小兵軍団・共栄学園の勢いが止まらない

春16強の共栄学園。180センチ超えの選手は1人もおらず、実は今年の東西のシード校16チームの中で、ベンチ入りに180センチ超えがいないのは共栄学園だけなのだ。まさに小兵軍団。その小兵軍団が、神宮で躍動した。

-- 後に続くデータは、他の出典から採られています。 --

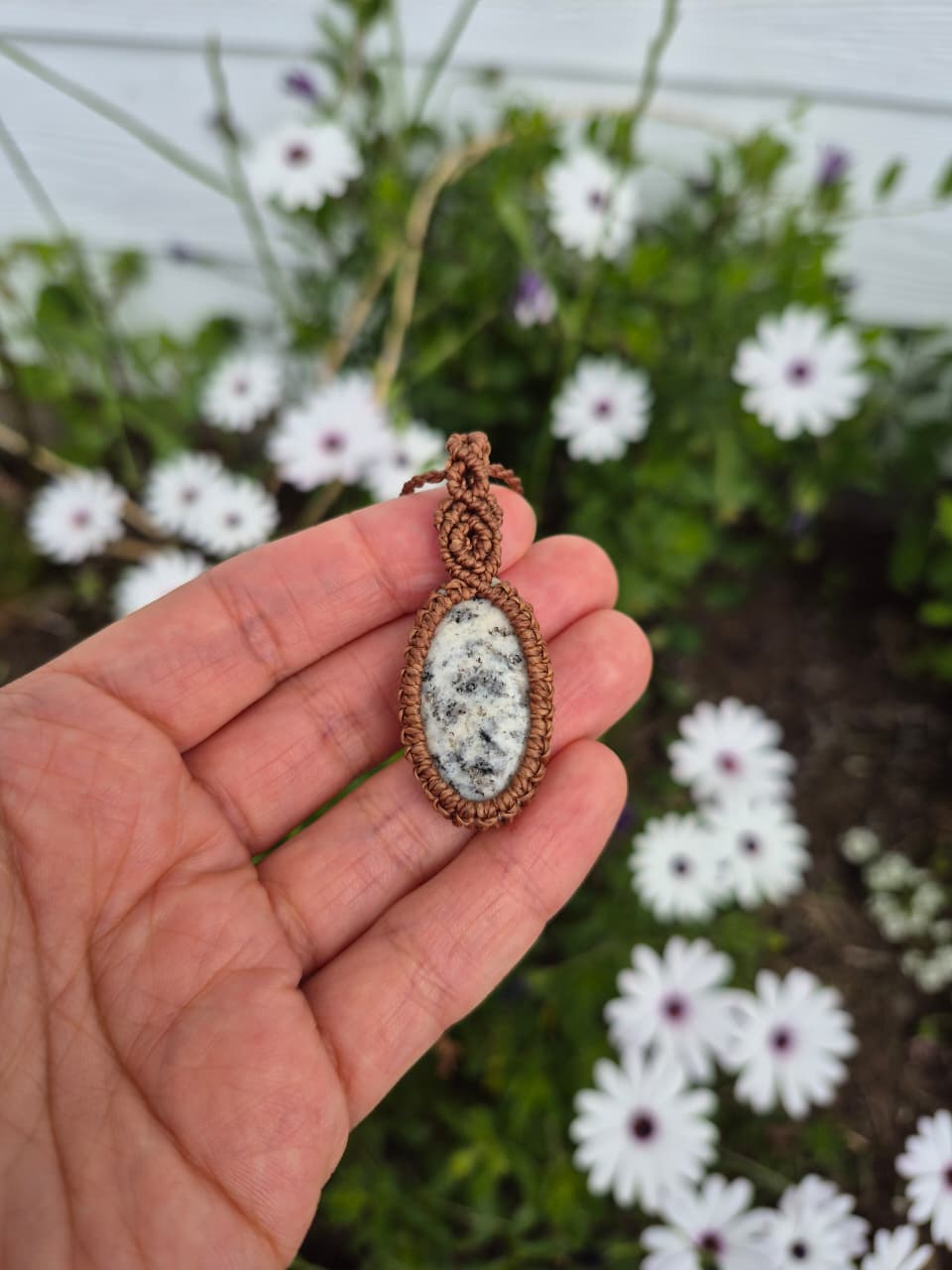 Collar macramé con piedra K2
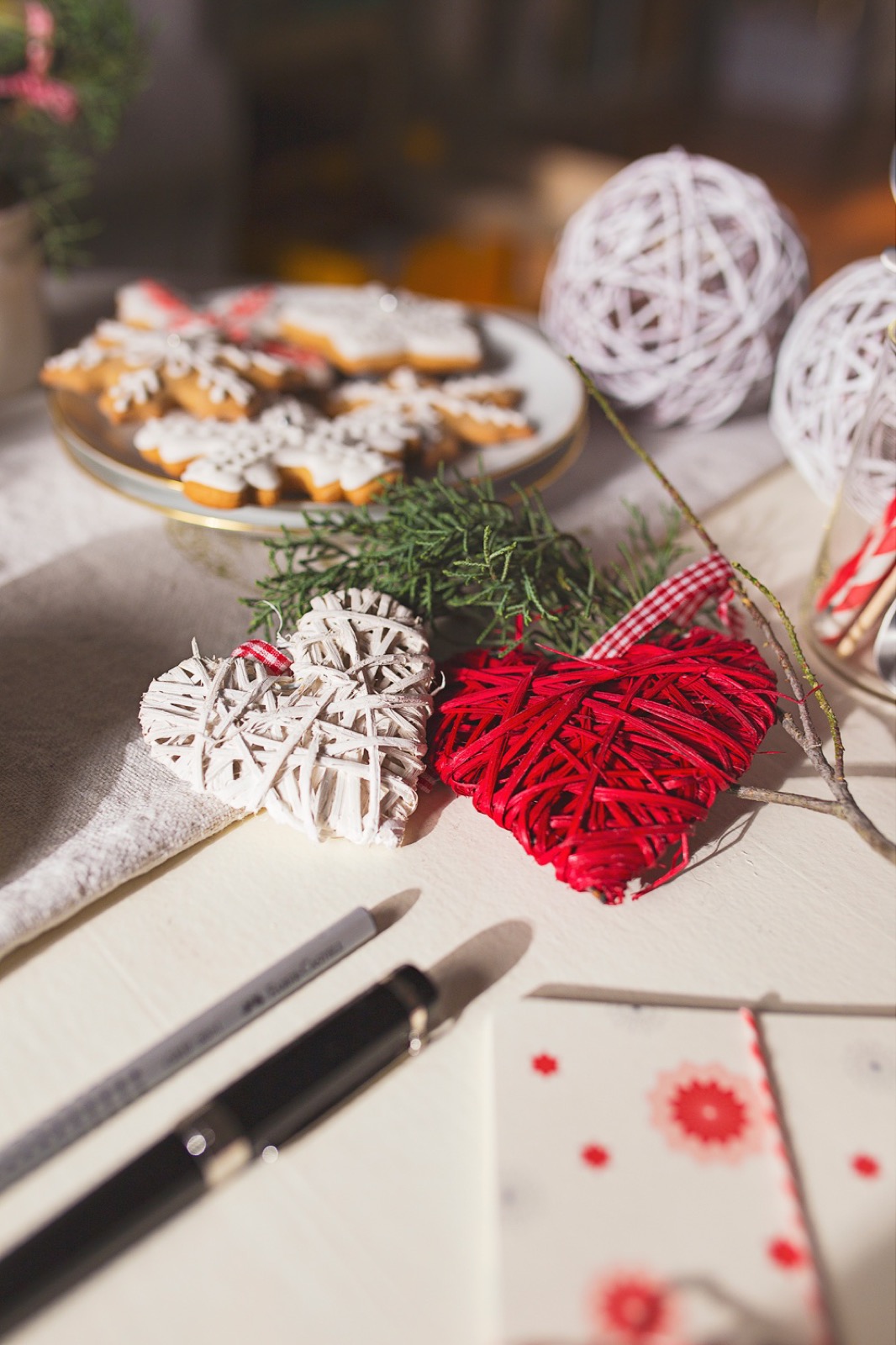 Kreativni radni sto sa makazama, papirom i novogodišnjim detaljima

 3回表、共栄学園は1番青木 龍也(3年)の左前安打、盗塁でチャンスをつかみ、一死一、二塁から3番早川 大生(1年)の適時打で1点を先制すると、4番佐藤慎哉(3年)の右前適時打で2点目。そして一死一、三塁から6番鈴木隼人(3年)の中犠飛で3点目を入れると、なおも7番山家聖冬(3年)の左前安打で、一死満塁にすると、8番佐久間涼太(3年)のセーフティスクイズで4点目を入れて、都立高島は投手交代するが、勢いを止めることはできない。9番大西は押し出し死球で5対0。さらに満塁から1番青木がスライダーを捉え痛烈な中前安打。二者生還し、7対0と大きくリードした。

 都立高島も3回裏、満塁のチャンスを作り、3番田村大(3年)の痛烈な遊ゴロの間に1点を返すと、なおも二死一、三塁からスイングの鋭さではチームナンバーワンの佐藤 海波(3年)が遊撃手のグラブをはじく、強烈な内野安打で二塁走者が生還し、7対2とする。さらに5回裏、都立高島は2番吉田涼音(3年)の適時打で7対3とする。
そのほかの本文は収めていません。